The word “always” seemed a bit like a lie because the stupid dog was annoying me so much.

It was past my bedtime, but I wanted to finish the sunset painting I’d been working on. Ma taught me a new technique using watercolors, and I knew I could become really good if I stayed up late practicing.

Tucker kept whimpering as I was trying to add some orange to the picture. He nudged at my leg, and then knocked over my water cup, spilling it all over.

“Argh!” I groaned, going to get a towel from the bathroom to clean up the mess.

Stupid dog.

When I came back to my bedroom, there Tucker was, peeing in the corner of my room.

“Tucker, no!”

I grabbed him by the collar and pulled him to the backdoor of the house as he lowered his ears.

“Tucker, come on!” I grumbled, trying to get the dog to go outside to use the bathroom in the rain. He wouldn’t budge, not a lick. Even though he was a big black lab, he was pretty much still a baby at only four months old. Plus, he was afraid of thunder and lightning.

“Go!” I barked at him, yawning because it was already past my bedtime. Plus, I wanted to finish the sunset painting before morning so I could show Ma. She was going to be so proud of me.

One day, I’d be able to paint as good as her—if only that dog would leave me alone!

Tucker whimpered and tried to wrap behind my legs. “Come on, Tuck! You’re being a big baby.”

I tried to push him into the backyard, but he wouldn’t let me. The water slammed against the patio, and when a loud clap of thunder roared, Tucker booked it past me and raced straight into the living room.

“Ugh,” I groaned, slapping my hand against my face as I followed him. The closer I grew, the more nervous I got as I heard Ma and Dad arguing in the living room.

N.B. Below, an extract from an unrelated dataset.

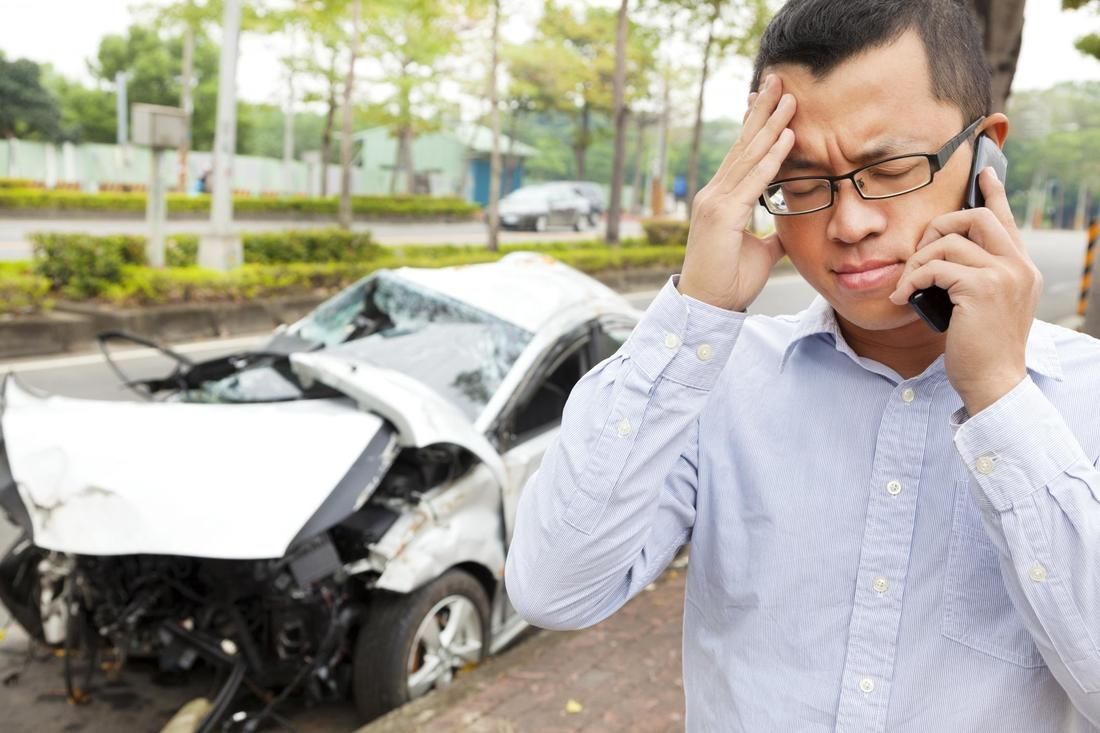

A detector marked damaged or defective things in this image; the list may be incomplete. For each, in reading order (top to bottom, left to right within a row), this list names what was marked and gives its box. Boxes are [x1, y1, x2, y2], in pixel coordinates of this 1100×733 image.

shattered windshield [314, 270, 536, 420]
crumpled hood [1, 378, 388, 560]
severely damaged car [0, 252, 640, 728]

They’d been arguing a lot lately, but whenever I walked into the room, they pretended they were happy.

I knew they weren’t, though, because Dad didn’t smile as much as he used to, and Ma always had to wipe away tears whenever she saw me. Sometimes, I’d walk in on her, and she would be crying so hard that she couldn’t even talk. I’d try to help her, but she had a hard time taking each breath.

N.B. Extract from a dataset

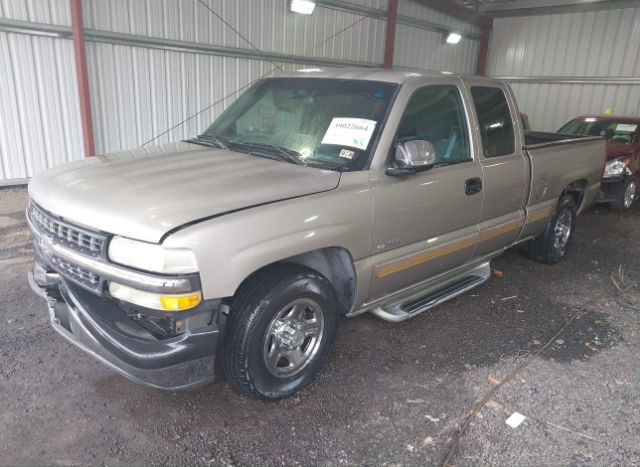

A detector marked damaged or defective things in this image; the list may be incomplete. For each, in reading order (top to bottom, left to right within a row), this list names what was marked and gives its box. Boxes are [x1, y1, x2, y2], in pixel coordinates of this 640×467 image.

Dad told me they were panic attacks, but I still didn’t understand why Ma was having them. She had nothing to panic about; Dad and I would always take care of her.

I hated that more than anything—I hated when Ma was so sad that she couldn’t breathe.

Over time, I’d learned to just hold her until the panic passed. Then we’d just sit and breathe together.

Sometimes, it took a while.

Other times, it took even longer than that.

I snuck into the room quietly and sat on the floor behind the couch as I listened to my parents fight. Tucker moved over to me and climbed into my lap, still trembling from the rainstorm. Or maybe he was afraid of their shouting.

Stupid dog.

I wrapped my arms around him because even though he was a stupid dog, he was mine. If Tucker was scared, I’d take care of him.

My stomach hurt as I listened to Dad beg Ma not to go.

Go? Where would she go?

“You can’t leave, Hannah,” Dad said, his voice sounding so tired. “You can’t just walk away from your family.”

Ma sighed, and it sounded like she was crying, too. Just breathe, Ma. “We can’t keep doing this, Mike. We can’t keep going in this circle. I just…”

“Say it,” he whispered. “Just say it.”

She sniffled. “I don’t love you anymore.”

I saw Dad stumble back a bit, and he pinched the bridge of his nose. I ain’t ever seen Dad cry, but that night, he wiped tears from his eyes.

How couldn’t Ma love him anymore?

He was my best friend.

They both were.

“I’m so sorry, Mike. I just can’t do this anymore… I can’t keep lying to myself and my family.”

“You sure use the word family loosely nowadays.”